A questão é careca! Alguém tem ou teve dúvidas nesta matéria? Ninguém. Nem mesmo Immanuel Kant, filósofo e pensador, cuja opinião era de que António devia dizer a verdade, mesmo que isso significasse a morte de Manuel—tal e qual!
Não mentir é um imperativo categórico, segundo ele. Por exemplo se eu digo deixa de fumar, se queres conservar a saúde, ou se queres gastar menos dinheiro, estou a usar um imperativo hipotético ou condicional; mas, se digo só deixa de fumar, o imperativo é categórico e Kant achava que não mentir é tal.

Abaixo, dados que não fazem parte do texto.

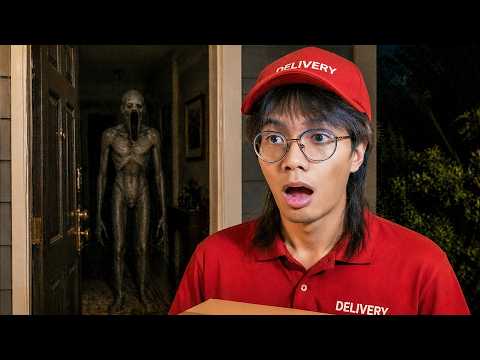 Sinubukan Ko Maging Delivery Boy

Não estou muito certo da sanidade mental do filósofo, nem isso interessa. Recordo apenas que Kant é visto por muita gente como um caso típico de filósofo metido na torre de marfim a mastigar Metafísica teutónica. Kant nunca saiu da terra natal onde  ensinava e vivia solteiro e só. A respeito de sexo dizia assim:
É em si próprio uma degradação da natureza humana porque, desde que uma pessoa se torna objecto do apetite de outra pessoa, toda a relação moral deixa de funcionar. O objecto do apetite passa a ser uma coisa usada por todos como tal.
Suspeito que Kant, se fosse vivo, votava na Senhora Merkel e achava a austeridade vigente uma libertinagem—pão e água e castidade é que a União Europeia está a precisar. Pouco pão e pouca água e muita castidade, acrescente-se.